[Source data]
*****

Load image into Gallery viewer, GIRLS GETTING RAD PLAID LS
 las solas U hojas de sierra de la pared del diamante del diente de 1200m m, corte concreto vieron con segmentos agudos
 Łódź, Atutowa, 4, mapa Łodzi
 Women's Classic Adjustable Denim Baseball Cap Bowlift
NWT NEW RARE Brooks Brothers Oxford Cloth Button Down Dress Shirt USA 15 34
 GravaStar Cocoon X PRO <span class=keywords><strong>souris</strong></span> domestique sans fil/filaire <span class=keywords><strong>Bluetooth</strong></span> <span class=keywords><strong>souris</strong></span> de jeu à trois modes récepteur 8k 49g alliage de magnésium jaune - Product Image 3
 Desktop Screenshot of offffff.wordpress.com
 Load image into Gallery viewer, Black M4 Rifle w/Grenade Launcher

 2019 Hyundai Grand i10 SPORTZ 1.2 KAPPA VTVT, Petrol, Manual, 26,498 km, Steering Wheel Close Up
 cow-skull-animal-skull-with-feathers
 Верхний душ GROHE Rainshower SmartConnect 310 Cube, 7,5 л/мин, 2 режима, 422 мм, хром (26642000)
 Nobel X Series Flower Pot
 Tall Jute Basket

*****

#### Your instructions
Look above for the line containing "las solas U". Output from there through the line containing "NWT NEW RARE", exactly and inclusively.

#### Your response
 las solas U hojas de sierra de la pared del diamante del diente de 1200m m, corte concreto vieron con segmentos agudos
 Łódź, Atutowa, 4, mapa Łodzi
 Women's Classic Adjustable Denim Baseball Cap Bowlift
NWT NEW RARE Brooks Brothers Oxford Cloth Button Down Dress Shirt USA 15 34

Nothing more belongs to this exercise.